> **RECORD SET**

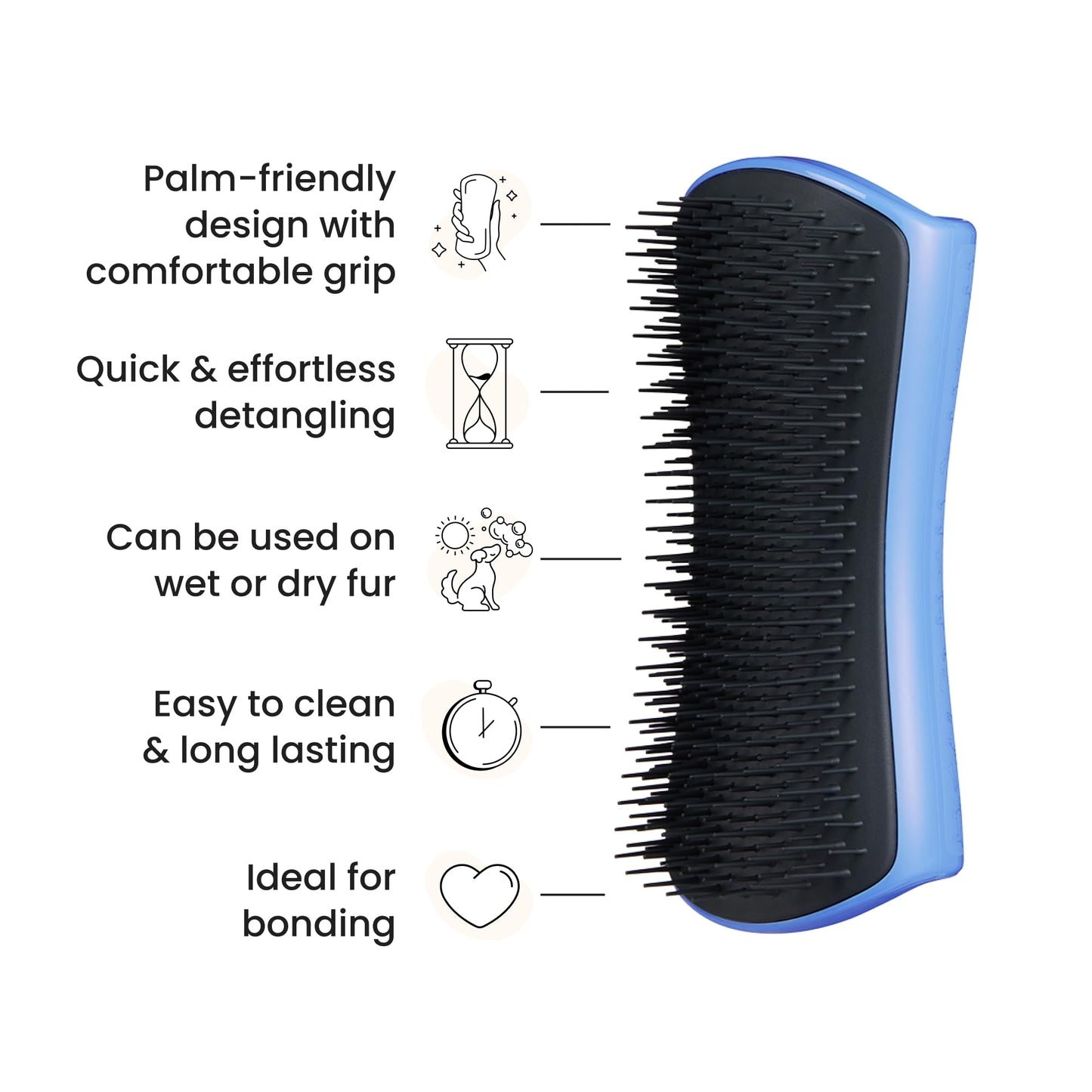Pet Teezer Detangling Dog Grooming Brush, Dog Bath Brush for Long Haired Breeds and Wet or Dry Fur, Large, Blue & Grey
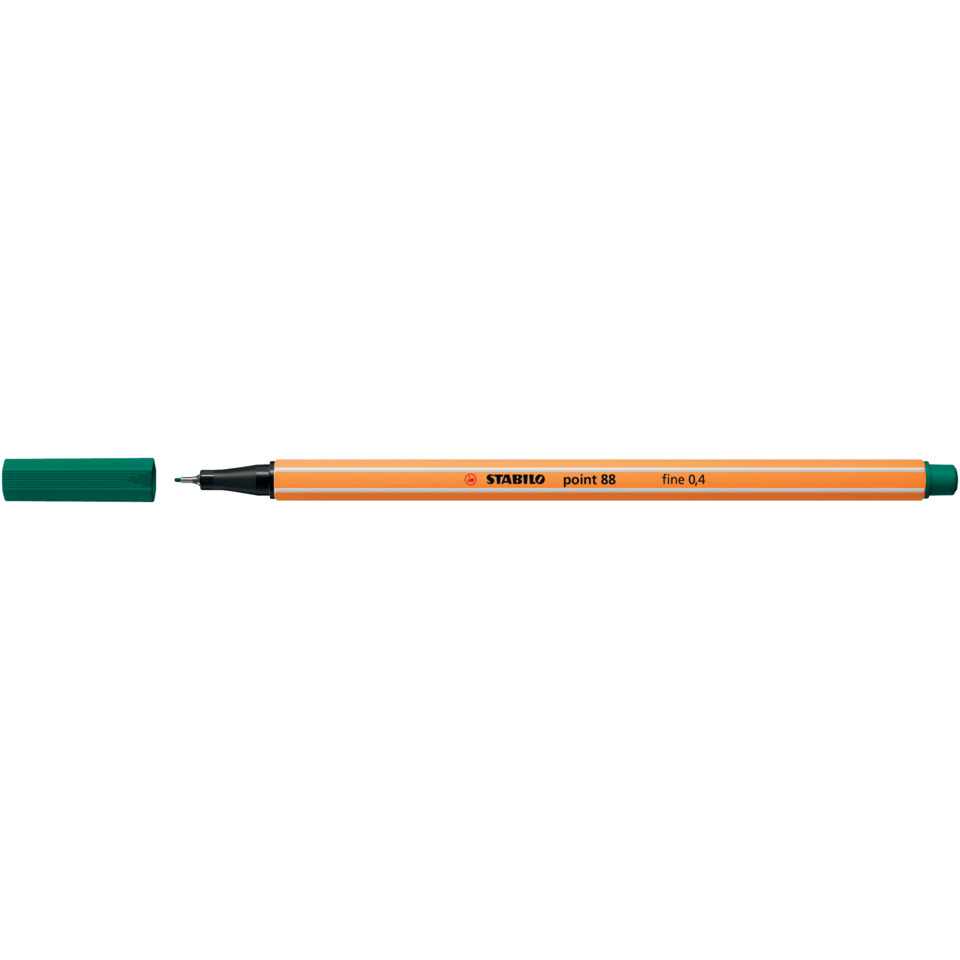 Marker, Fineliner, Orange, Grüne Kappe, Feinspitze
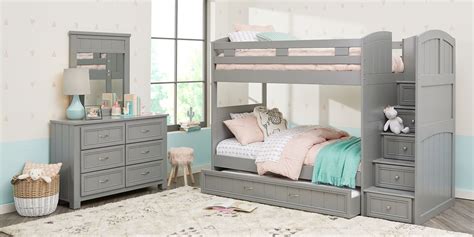 Cottage Colors Gray Twin/Twin Step Bunk - Rooms To Go in 2020 | Loft ...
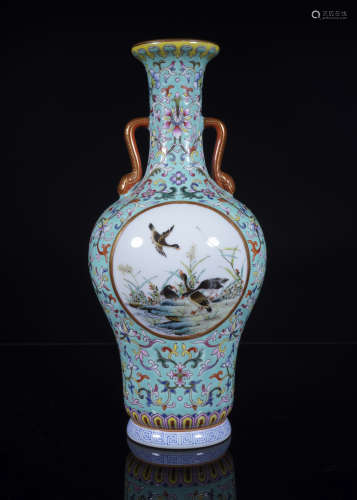 Famille Rose Bird-and-Flower Vase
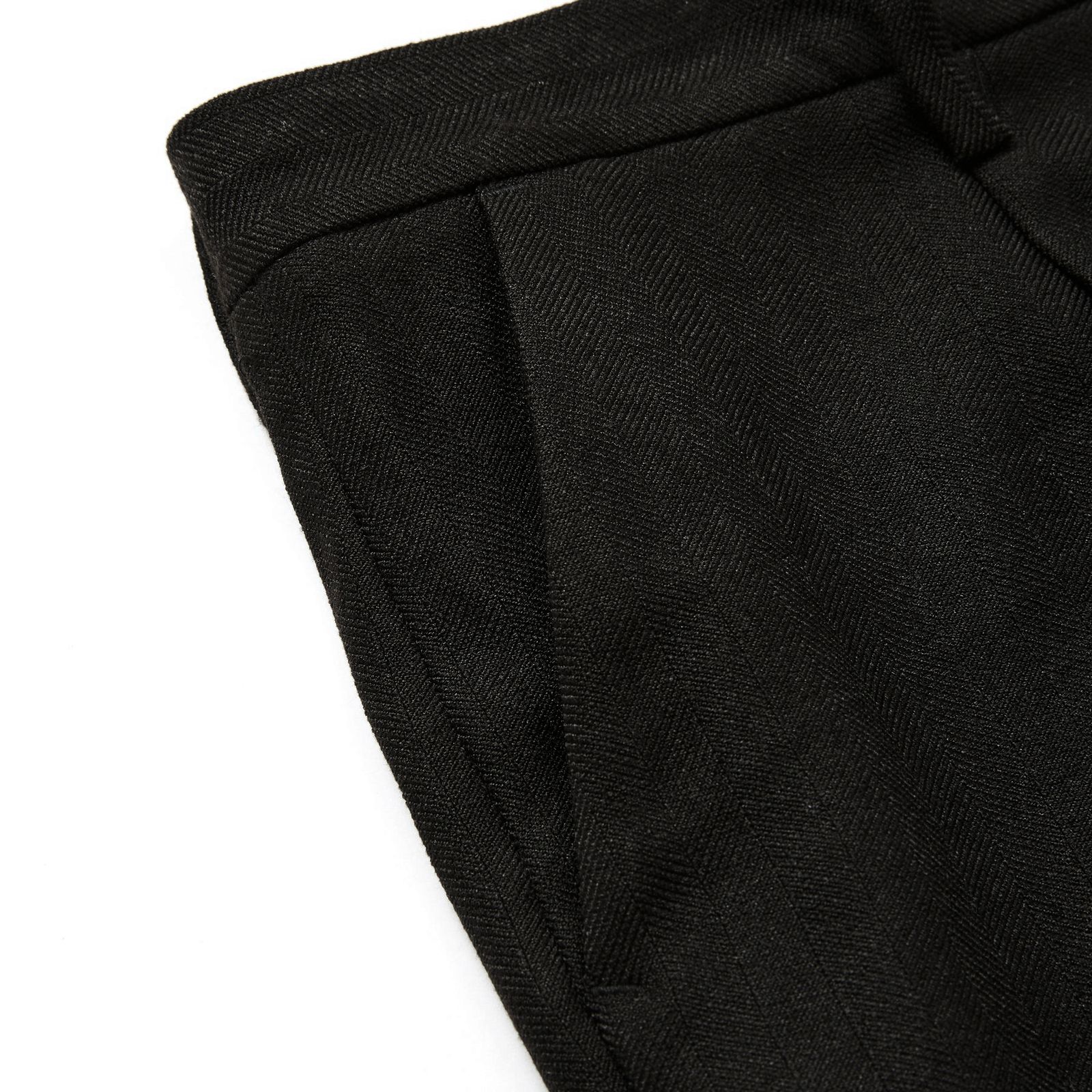 VINTAGE TYPE HERRINGBONE SLACKS (BLACK) / ヴィンテージ タイプ ヘリンボーン スラックス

> **INSTRUCTIONS TO FOLLOW**
In copying the material, drop all pictures and keep everything else identical.

> **ANSWER SECTION**
Pet Teezer Detangling Dog Grooming Brush, Dog Bath Brush for Long Haired Breeds and Wet or Dry Fur, Large, Blue & Grey
 Marker, Fineliner, Orange, Grüne Kappe, Feinspitze
 Cottage Colors Gray Twin/Twin Step Bunk - Rooms To Go in 2020 | Loft ...
 Famille Rose Bird-and-Flower Vase
 VINTAGE TYPE HERRINGBONE SLACKS (BLACK) / ヴィンテージ タイプ ヘリンボーン スラックス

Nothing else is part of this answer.